The faith is the same; the theology (the understanding of the faith) is quite different.

And Roman Catholics on this forum have a tendency to grossly overstate the extent of such teachings. Just today, I’ve seen statements that directly contradict, for example, the terms of the Union of Brest. Seeing statements that directly contradict various papal encyclicals is also common . . .



How are they different, can you explain?


We share the same faith but our theology is different.



Catholic doctrine is universal. Anything in the realm of speculative opinion is fair game for Latin and Eastern Catholics.


I stand corrected on the part about transferring.


In five volumes or less? :rofl::crazy_face::joy:

It’s a whole different approach. The West wants detail and precise statements; the East is quite happy with mystery.

Some of my favorite examples:

  • If given a list of choices, the Western theologian will tell you at exactly what point the bread & wine become the Body & Blood. Offered the same list, the Eastern will reply, “yes”
  • The west approaches sin in a “judicial” manner; the east in a medical manner
  • The west imposes a duty to attend its liturgy under penalty of sin; the East agrees that you are obligated–not out of sin, but obligated in the same way that we are obligated to breathe, as we can’t survive without it. . .
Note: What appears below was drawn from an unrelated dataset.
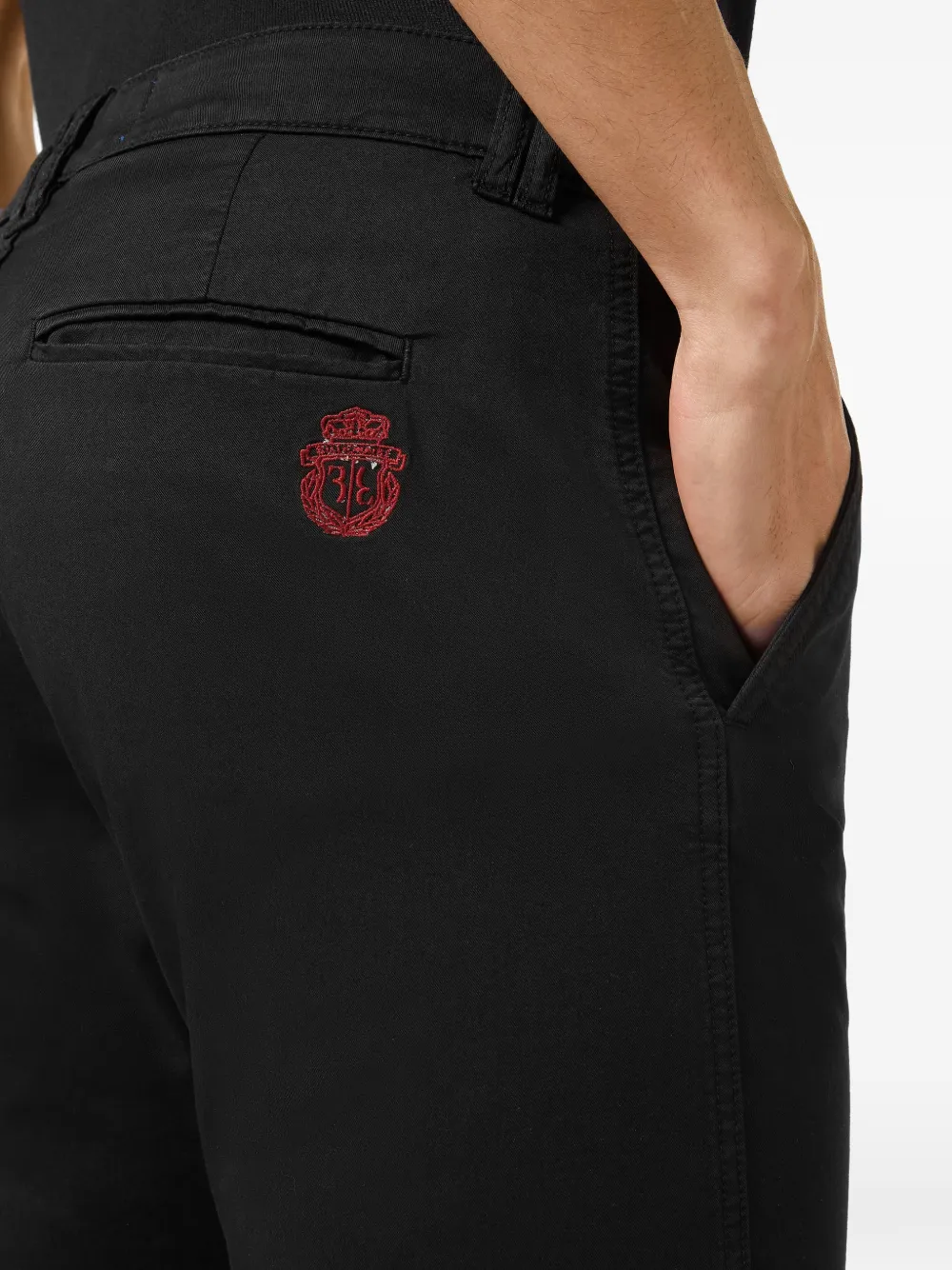 Billionaire Chino met borduurwerk Zwart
And since you asked so nicely, you get the premiere of my new example that I’ve been contemplating regarding the Filioque :):joy::rofl:

The greek of the creed uses a verb meaning “proceeds in origin”, one of a half dozen or so that translate to the latin/english “proceed”. (yes, the Filioque is a linguistic problem, not a theological one :bang_head::scream:)

Anyway, suppose a language with a single verb “traverse” that includes walking, running, swimming, riding on animal or vehicle, etc.

Now make a statement of faith about Peter and Christ. The walking would translate to, “Peter traversed the water towards Jesus.”

It absolutely fits our understanding.

Now suppose that the people speaking that language note that the other apostles were going that way, too, in the boat. Using their language, they state that , “Peter and the other Apostles traversed the water towards Jesus.”

Absolutely correct in their language–but translate it back to Latin or English, and everyone in site will blow a gasket (and justifiably so!).



What doctrine would you say is universal between Latin and Byzantine for example?